A : Le festival n’est pas que rap mais bien hip-hop. Qu’est-ce qui sera mis en place pour mettre en avant les autres pans de cette culture ?
D : On mettra en avant les DJs de la ville. On a DJ K-Mel Night, qui est le DJ de Soso Maness, DJ Soon qui a été historiquement le DJ de Carré rouge et du Troisième Œil, et de SCH dernièrement, on a aussi DJ Ridle, DJ Big Chris et DJ Lina qui sortent de mon école de DJ, Akademix. Aujourd’hui, Ridle joue avec Le Troisième Œil et Al Iman Staff, Big Chris joue au Bounce, un gros club hip-hop à Marseille, et DJ Lina a fait la première partie d’Alonzo, et plein d’autres soirées comme ça, qui a joué à Mouv’ y’a pas longtemps. Déjà cette partie-là, puis la partie danse organisée par les Sancho, finalistes de La France a un incroyable talent, un battle rap avec un price money, et également une impro d’un graffeur qui s’appelle DTKO. On peut imaginer que l’année prochaine on fasse un battle de beatmakers, de DJ, un focus sur nos réalisateurs de clips… On a l’objectif d’évoluer d’année en année et de proposer des choses nouvelles.
A : De ton côté, tu restes également actif, on t’a notamment vu auprès de Dany Dan à La Place récemment. Quels sont tes projets à venir en plus du festival ?
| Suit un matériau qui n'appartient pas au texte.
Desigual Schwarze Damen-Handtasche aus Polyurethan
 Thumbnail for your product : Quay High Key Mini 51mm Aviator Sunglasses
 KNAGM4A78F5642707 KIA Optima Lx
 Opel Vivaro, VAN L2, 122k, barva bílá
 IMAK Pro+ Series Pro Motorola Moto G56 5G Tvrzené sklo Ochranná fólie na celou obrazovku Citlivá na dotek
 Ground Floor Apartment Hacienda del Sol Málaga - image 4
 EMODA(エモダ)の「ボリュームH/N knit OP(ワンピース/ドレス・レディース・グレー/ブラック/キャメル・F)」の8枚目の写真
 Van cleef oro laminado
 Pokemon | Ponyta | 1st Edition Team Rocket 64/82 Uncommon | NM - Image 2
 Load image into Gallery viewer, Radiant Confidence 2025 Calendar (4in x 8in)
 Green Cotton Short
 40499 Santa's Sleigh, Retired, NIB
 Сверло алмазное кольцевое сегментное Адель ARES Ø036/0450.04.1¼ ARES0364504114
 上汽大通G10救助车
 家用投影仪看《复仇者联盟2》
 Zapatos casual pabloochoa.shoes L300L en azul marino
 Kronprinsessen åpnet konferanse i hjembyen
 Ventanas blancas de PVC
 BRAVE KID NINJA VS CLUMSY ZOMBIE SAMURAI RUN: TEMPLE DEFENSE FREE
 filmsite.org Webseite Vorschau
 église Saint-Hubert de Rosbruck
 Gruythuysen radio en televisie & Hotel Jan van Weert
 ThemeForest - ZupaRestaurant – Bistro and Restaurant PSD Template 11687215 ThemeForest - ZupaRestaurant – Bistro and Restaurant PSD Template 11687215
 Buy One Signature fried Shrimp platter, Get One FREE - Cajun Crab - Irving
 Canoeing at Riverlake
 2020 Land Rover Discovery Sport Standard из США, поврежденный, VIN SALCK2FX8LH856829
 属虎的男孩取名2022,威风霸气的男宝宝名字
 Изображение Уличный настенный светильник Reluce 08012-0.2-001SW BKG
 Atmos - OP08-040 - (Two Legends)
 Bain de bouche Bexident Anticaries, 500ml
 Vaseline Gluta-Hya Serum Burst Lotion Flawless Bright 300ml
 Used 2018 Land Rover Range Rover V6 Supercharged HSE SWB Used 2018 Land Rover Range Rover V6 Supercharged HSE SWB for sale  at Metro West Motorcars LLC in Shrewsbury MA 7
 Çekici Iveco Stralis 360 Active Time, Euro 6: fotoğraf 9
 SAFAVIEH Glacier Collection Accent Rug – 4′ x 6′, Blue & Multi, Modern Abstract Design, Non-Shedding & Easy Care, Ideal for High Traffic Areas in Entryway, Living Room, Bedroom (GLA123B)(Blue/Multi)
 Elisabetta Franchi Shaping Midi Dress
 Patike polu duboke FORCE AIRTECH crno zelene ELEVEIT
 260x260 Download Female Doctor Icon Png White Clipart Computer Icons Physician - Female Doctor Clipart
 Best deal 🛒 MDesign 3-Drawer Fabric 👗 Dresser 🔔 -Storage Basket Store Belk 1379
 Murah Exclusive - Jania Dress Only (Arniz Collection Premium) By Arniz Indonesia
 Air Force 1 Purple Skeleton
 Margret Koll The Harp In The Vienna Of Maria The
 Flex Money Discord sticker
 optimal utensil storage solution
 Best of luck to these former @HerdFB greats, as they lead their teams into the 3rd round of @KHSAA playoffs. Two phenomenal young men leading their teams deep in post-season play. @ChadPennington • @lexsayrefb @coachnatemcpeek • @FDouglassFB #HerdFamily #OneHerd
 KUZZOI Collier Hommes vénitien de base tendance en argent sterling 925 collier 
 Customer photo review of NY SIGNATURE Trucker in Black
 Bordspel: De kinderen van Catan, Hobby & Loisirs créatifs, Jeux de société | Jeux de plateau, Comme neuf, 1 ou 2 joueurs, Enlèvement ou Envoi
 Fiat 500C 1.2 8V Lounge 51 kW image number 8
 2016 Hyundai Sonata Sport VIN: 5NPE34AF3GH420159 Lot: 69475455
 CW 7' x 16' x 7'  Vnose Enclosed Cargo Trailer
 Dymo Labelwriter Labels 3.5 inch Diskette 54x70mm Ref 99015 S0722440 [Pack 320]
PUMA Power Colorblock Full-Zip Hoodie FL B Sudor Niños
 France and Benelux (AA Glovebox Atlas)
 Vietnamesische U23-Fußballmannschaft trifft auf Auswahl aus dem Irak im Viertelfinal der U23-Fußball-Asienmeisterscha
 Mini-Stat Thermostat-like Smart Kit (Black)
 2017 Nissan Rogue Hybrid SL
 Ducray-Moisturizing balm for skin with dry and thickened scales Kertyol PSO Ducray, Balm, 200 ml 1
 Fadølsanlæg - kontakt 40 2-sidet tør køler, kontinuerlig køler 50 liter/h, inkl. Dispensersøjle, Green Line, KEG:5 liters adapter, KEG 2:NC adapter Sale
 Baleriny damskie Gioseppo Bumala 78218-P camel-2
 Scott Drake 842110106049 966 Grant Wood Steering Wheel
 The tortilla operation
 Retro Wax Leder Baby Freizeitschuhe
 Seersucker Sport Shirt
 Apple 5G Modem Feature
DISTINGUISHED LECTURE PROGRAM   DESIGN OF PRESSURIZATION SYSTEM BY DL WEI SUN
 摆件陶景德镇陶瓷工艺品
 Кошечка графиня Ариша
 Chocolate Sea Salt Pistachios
D : Moi, j’expose à la fin du mois d’avril un travail que j’ai fait entre Atlanta et Marseille. J’ai été à Atlanta, j’y ai vécu pendant un mois et demi, j’ai enregistré dans le studio d’Outkast. J’ai enregistré avec un rappeur qui s’appelle Question ATL là-bas, et aussi avec une allemande, Leila Akinyi. Je fais aussi du coaching scénique pour une association qui gère le festival Hip-hop Society. J’accompagne Dany Dan sur quelques dates, et y’a aussi la FF. J’ai mon école de DJ, mon émission de radio, des soirées, où j’essaie de transmettre, échanger, partager. Pas que faire des beats ou des scratchs. Je collabore aussi avec des artistes, L’Hexaler, Relo, Napoleon Da Legend… Et j’ai aussi fait la musique pour le documentaire Marseille Capitale du rap, donc j’arrête pas. J’ai un besoin pressant et intime de bouger.
A : Il ne manquerait plus qu’un album de la FF et ça serait la cerise sur le gâteau.
D : Ou un album de DJ Djel tout simplement. J’ai des titres exclusifs dans un placard, qui devraient peut-être ressortir un jour. Même un titre de la FF ça serait cool. Mais pour l’instant on prend le temps de prendre le temps, kiffer à travers cette tournée qui est une aubaine, financièrement et humainement. On va tracer tranquillement nos chemins, Le Rat prépare plein de choses, Sat également, Choa aussi, même Pone, avec ses livres et son label. On n’arrête pas de réaliser ce qu’on a envie de faire, toujours avec cet amour de la musique, cette simplicité, cette sincérité qui lui est propre.
A : Que peut-on te souhaiter pour ces deux jours de festival ?
D : Qu’il y ait du monde, que ça rayonne à travers la France, l’Europe, voire le monde, et que les gens viennent à Marseille pour un festival 100% marseillais, mais qui n’exclut pas les gens de l’extérieur. Que ça soit le plus populaire possible.